[[ Data under study, beginning ]]

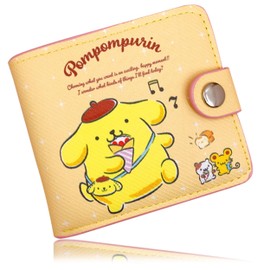 Roffatide Cartoon Pompom Purin Wallets Women Faux Leather Bi-fold Travel Wallet Coin Pouch Wallets Slim Single Fold Wallet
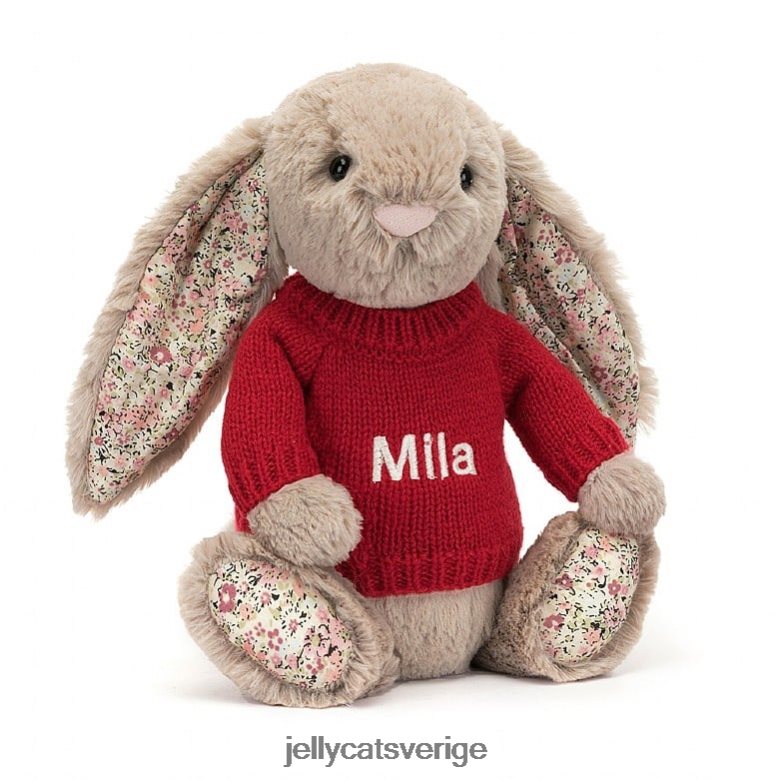 Jellycat leksak blossom bea bunny med personlig röd tröja beige 4206LT334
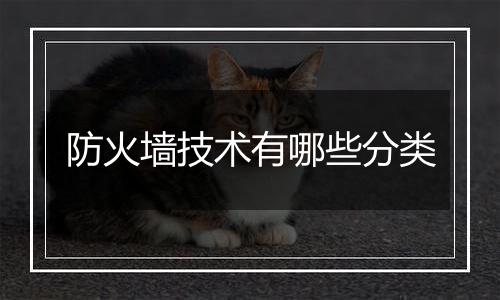 防火墙技术有哪些分类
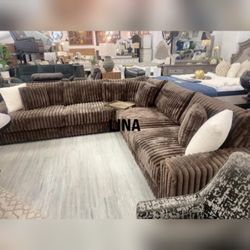 DARK BROWN Fabric Stationary Sectional Sofa w/ 9 Pillows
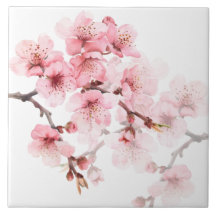 Floral Cherry Blossoms Pink White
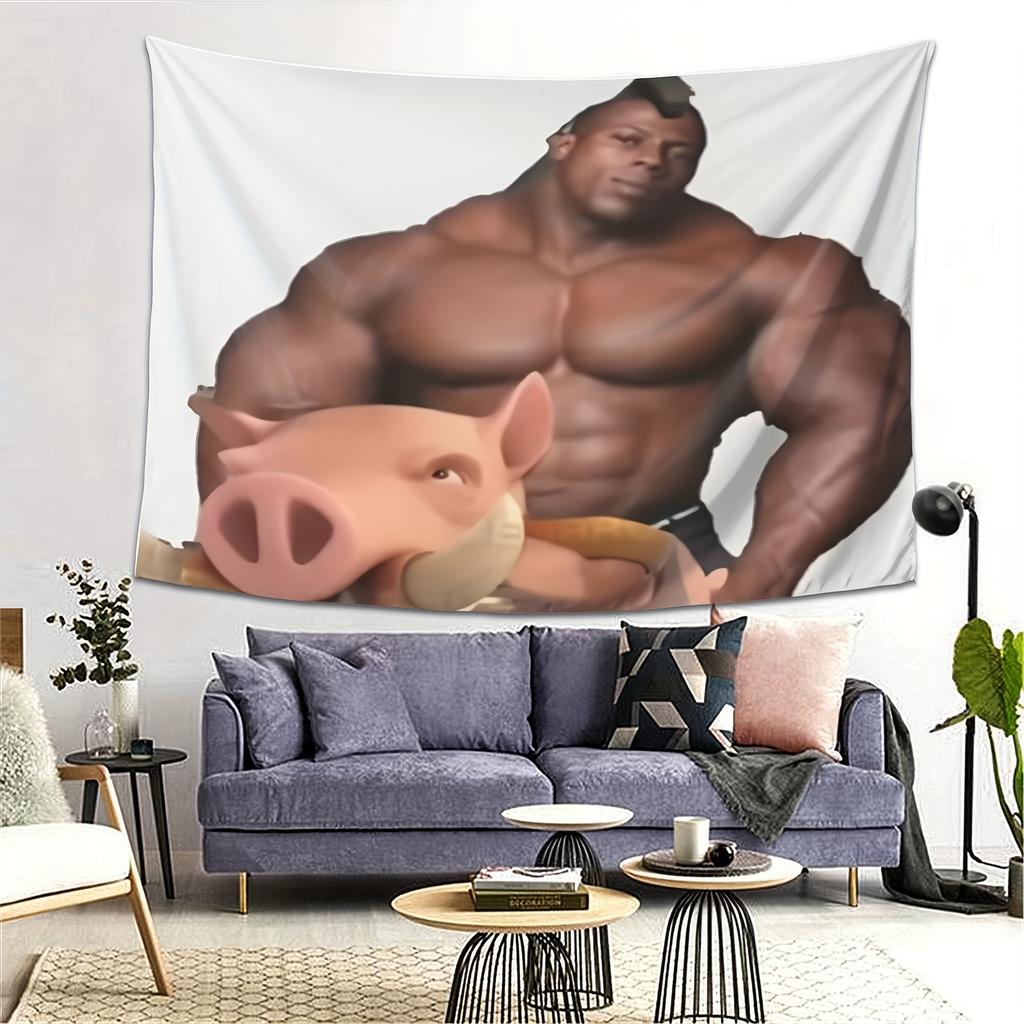 VIKAMA Muscle Man and Pig Tapestry Fun Bedroom Dormitory Wall Hanging Fabric Living Room Home Decoration
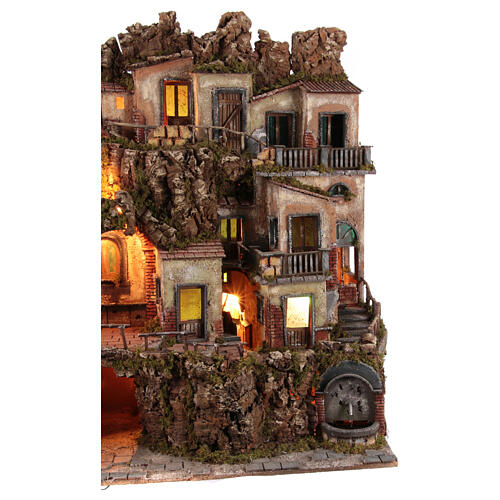Perched village with sea, fountain and mill for 10 cm Neapolitan Nativity Scene of 18th century style, 85x65x60 cm 7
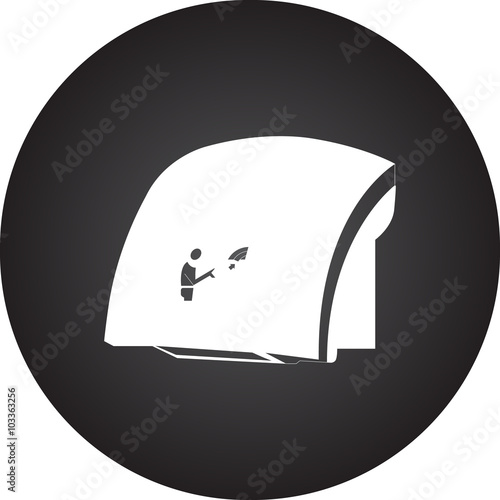 Bath simple icon on colorful background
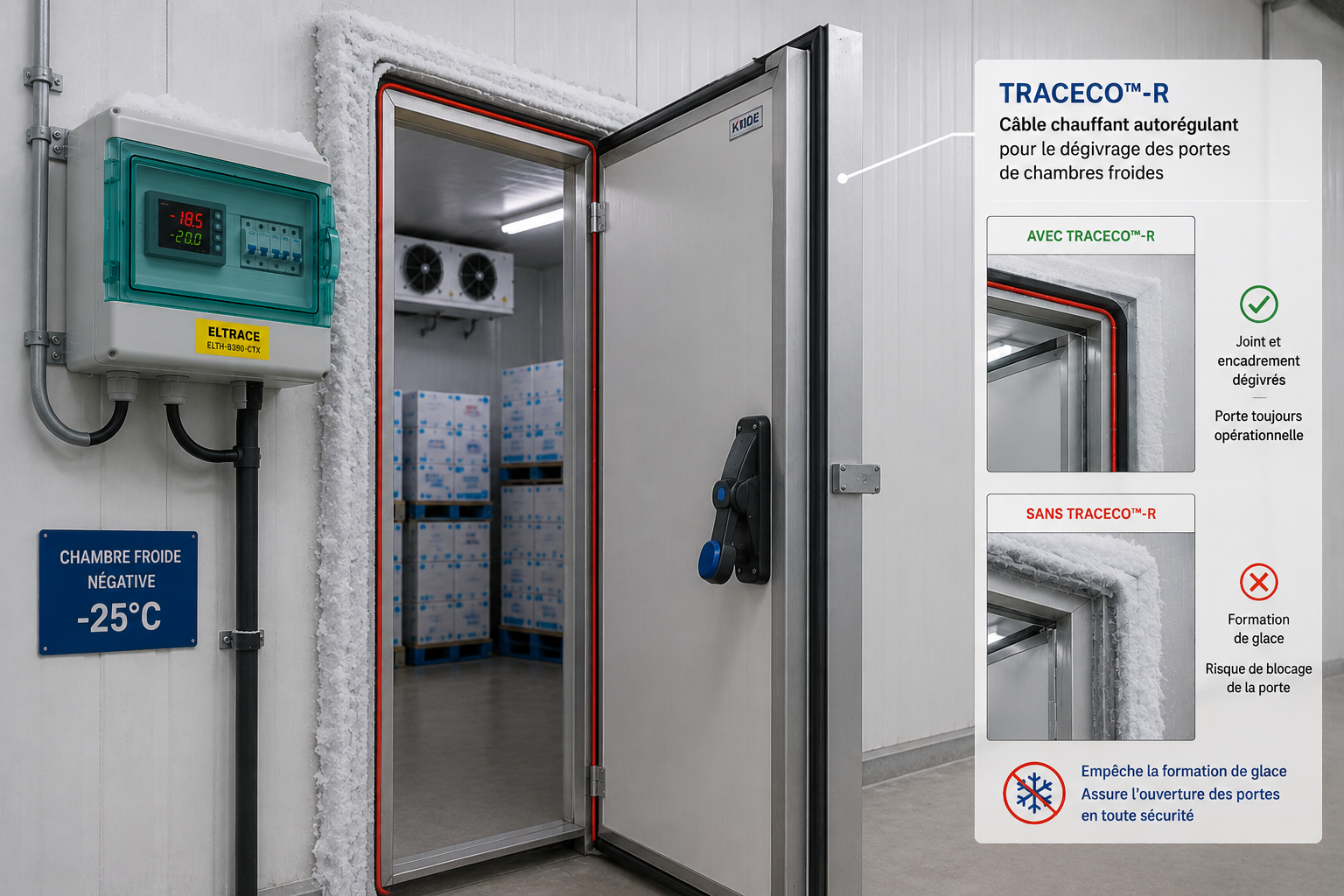Câble chauffant autorégulant TRACECO-R installé dans une porte de chambre froide pour empêcher la formation de glace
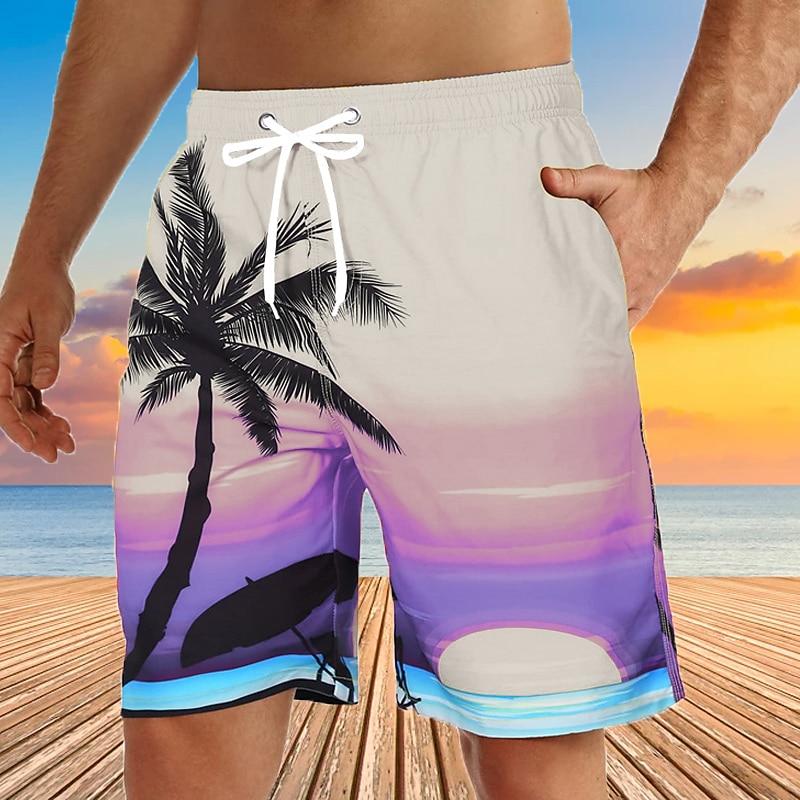 Men's Graphic Coconut Tree Swim Trunks Swim Shorts Board Shorts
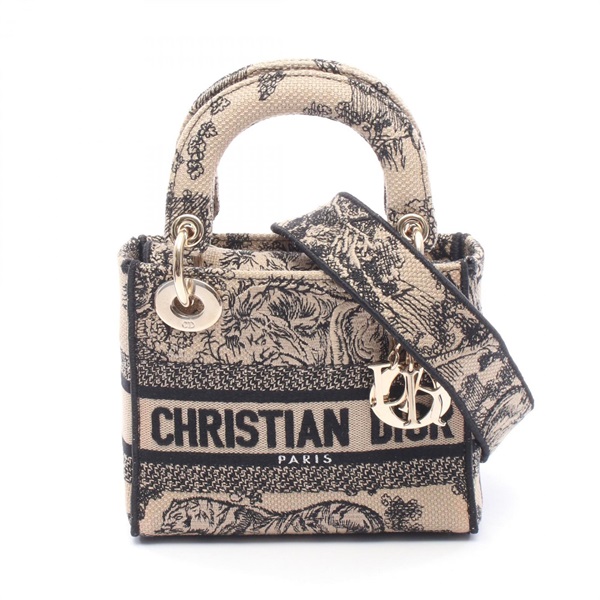 Dior LADY D-LITE Mini Shoulder Tote Handbag canvas Beige Black Used Women Logo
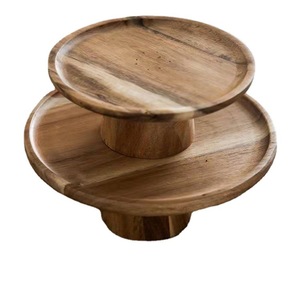 Solid Wood Fruit Plate Tall Cake Stand Multi Functional Serving Tray For Living Room Hotel Coffee Tea - Product Image 3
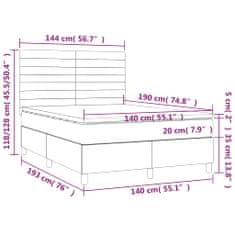 shumee Posteľ boxsping s matracom a LED tmavosivá 140x190 cm zamat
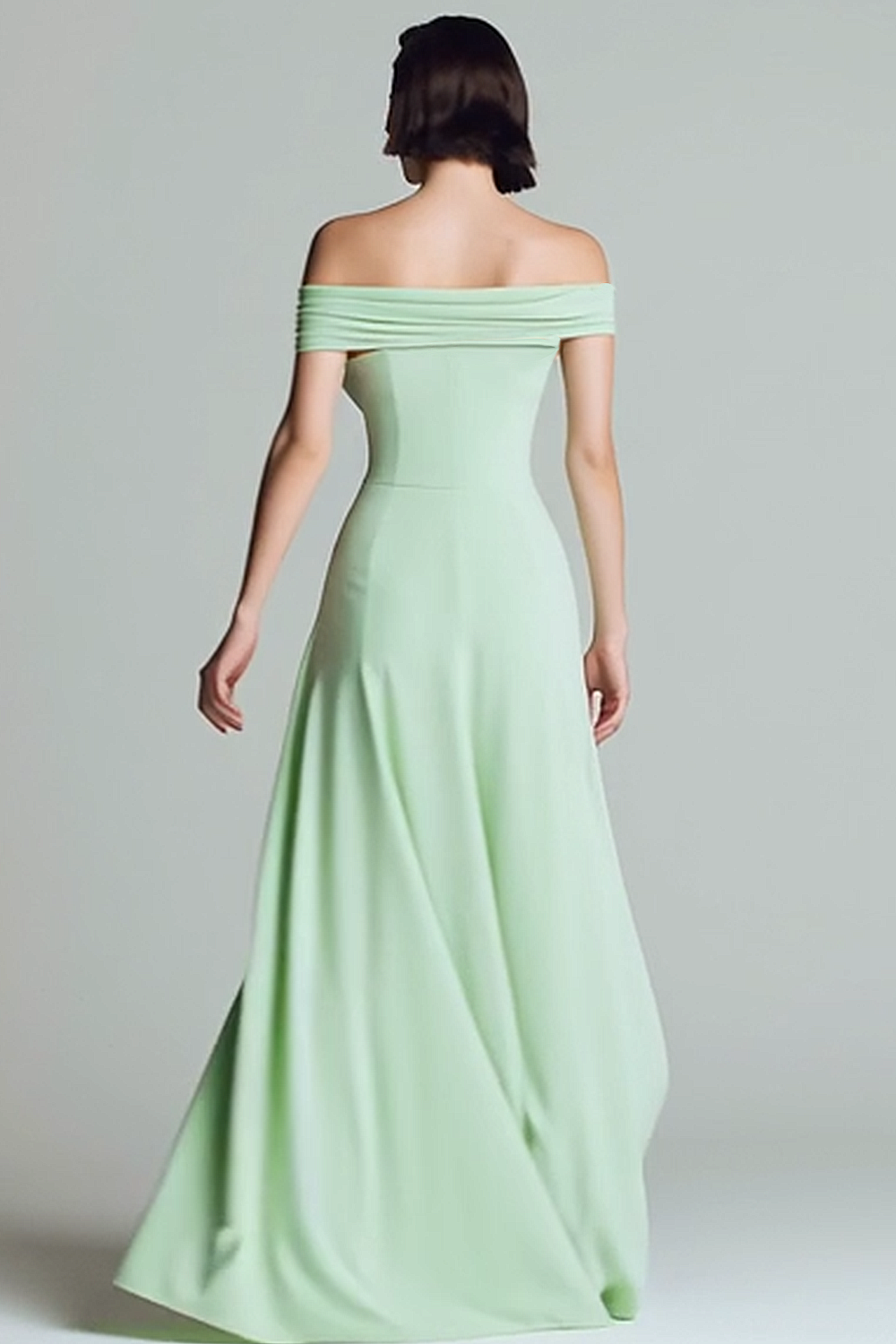 Simple Light Green Chiffon A Line Off the Shoulder Maxi Bridesmaid Dress with Slit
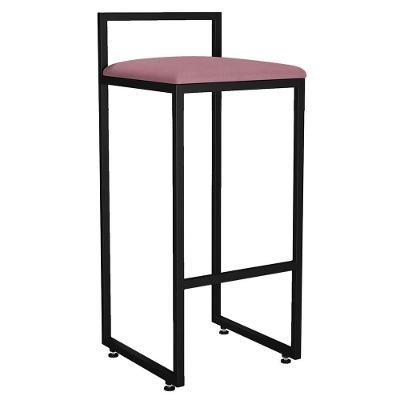 Banqueta Alta Cozinha De Jantar Hanna L02 Preto Suede Rosê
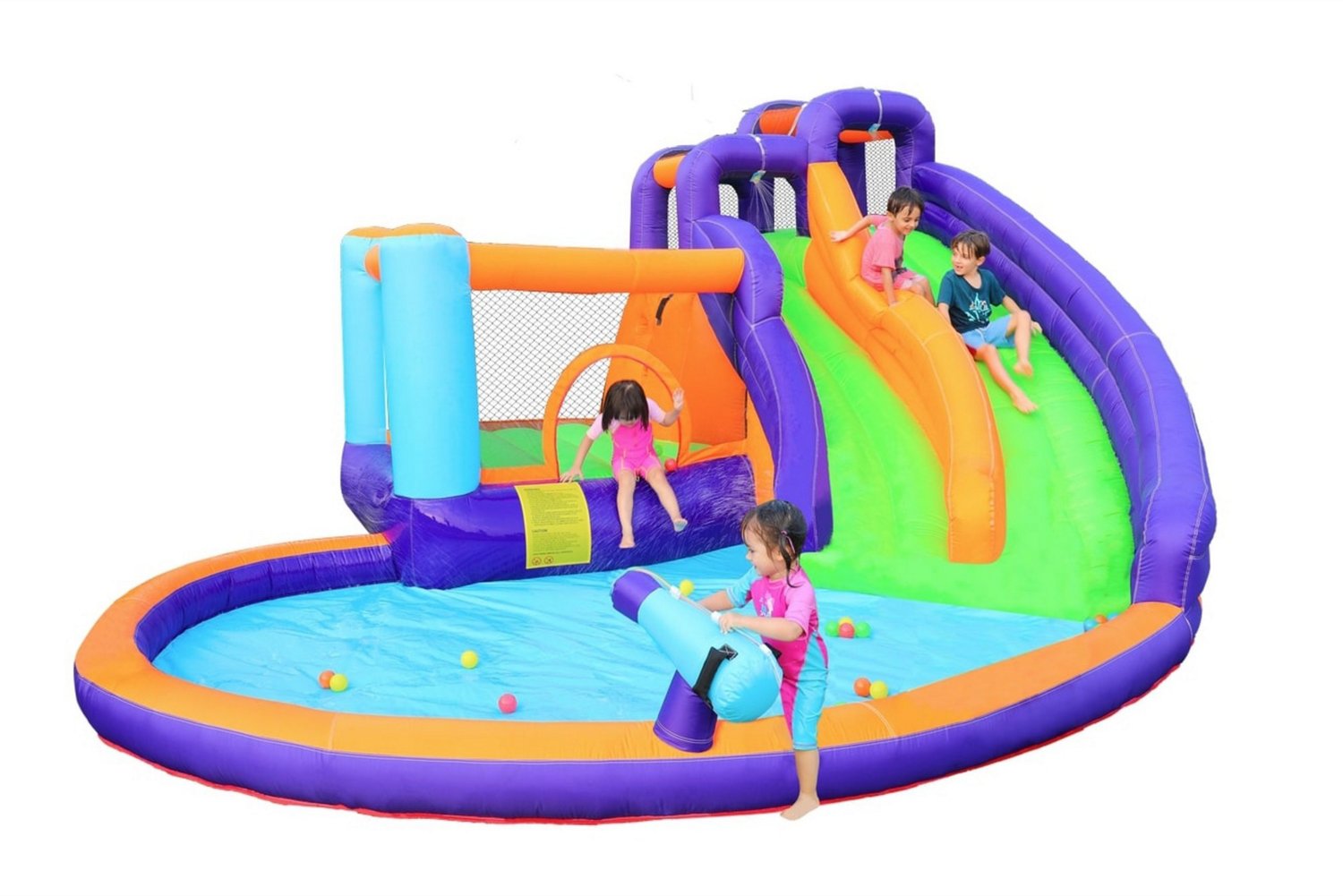 CocoNut Castles Double Slide Water Park with Water Cannon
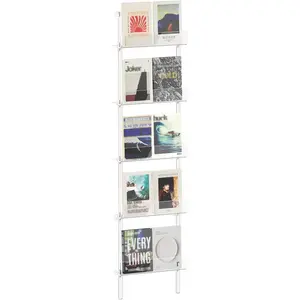 2026 New Arrival Multi Purpose 5-Tier Narrow Acrylic Bookshelf, 3.9" D x 15.8" W, Space-Saving Slim Storage Book Shelf for Living Room, Bedroom, Office, Clear Bookcase, Modern, Easy Assembly
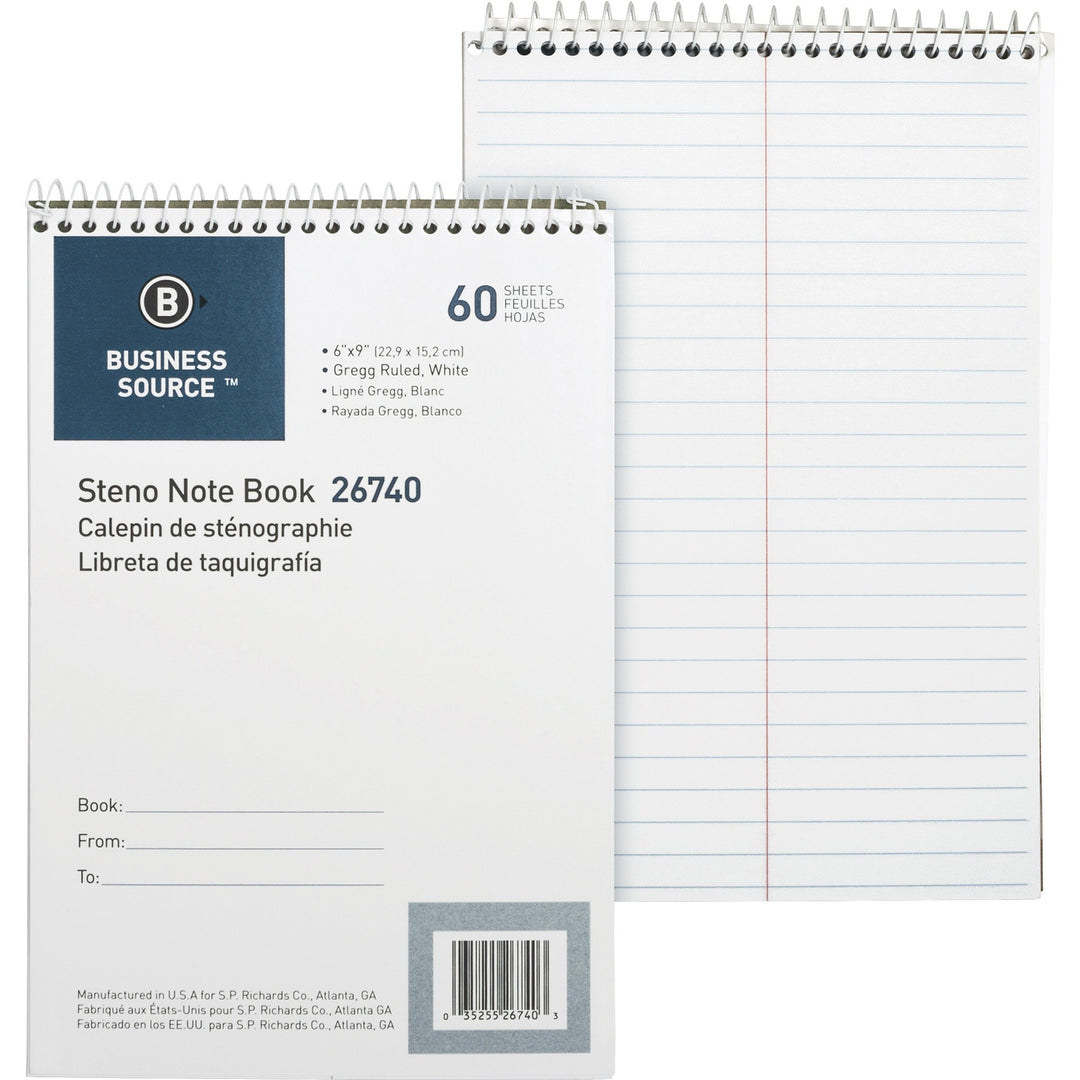 Image of Business Source Steno Notebook,Gregg Ruled,6"x9",60 Sheets,White Paper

[[ Data under study, end ]]

*What is required*
Where an entry contains an image, skip the image and write out the rest exactly.

*Answer to this task*
 Roffatide Cartoon Pompom Purin Wallets Women Faux Leather Bi-fold Travel Wallet Coin Pouch Wallets Slim Single Fold Wallet
 Jellycat leksak blossom bea bunny med personlig röd tröja beige 4206LT334
 防火墙技术有哪些分类
 DARK BROWN Fabric Stationary Sectional Sofa w/ 9 Pillows
 Floral Cherry Blossoms Pink White
 VIKAMA Muscle Man and Pig Tapestry Fun Bedroom Dormitory Wall Hanging Fabric Living Room Home Decoration
Perched village with sea, fountain and mill for 10 cm Neapolitan Nativity Scene of 18th century style, 85x65x60 cm 7
 Bath simple icon on colorful background
Câble chauffant autorégulant TRACECO-R installé dans une porte de chambre froide pour empêcher la formation de glace
 Men's Graphic Coconut Tree Swim Trunks Swim Shorts Board Shorts
 Dior LADY D-LITE Mini Shoulder Tote Handbag canvas Beige Black Used Women Logo
 Solid Wood Fruit Plate Tall Cake Stand Multi Functional Serving Tray For Living Room Hotel Coffee Tea - Product Image 3
 shumee Posteľ boxsping s matracom a LED tmavosivá 140x190 cm zamat
 Simple Light Green Chiffon A Line Off the Shoulder Maxi Bridesmaid Dress with Slit
 Banqueta Alta Cozinha De Jantar Hanna L02 Preto Suede Rosê
 CocoNut Castles Double Slide Water Park with Water Cannon
 2026 New Arrival Multi Purpose 5-Tier Narrow Acrylic Bookshelf, 3.9" D x 15.8" W, Space-Saving Slim Storage Book Shelf for Living Room, Bedroom, Office, Clear Bookcase, Modern, Easy Assembly
 Image of Business Source Steno Notebook,Gregg Ruled,6"x9",60 Sheets,White Paper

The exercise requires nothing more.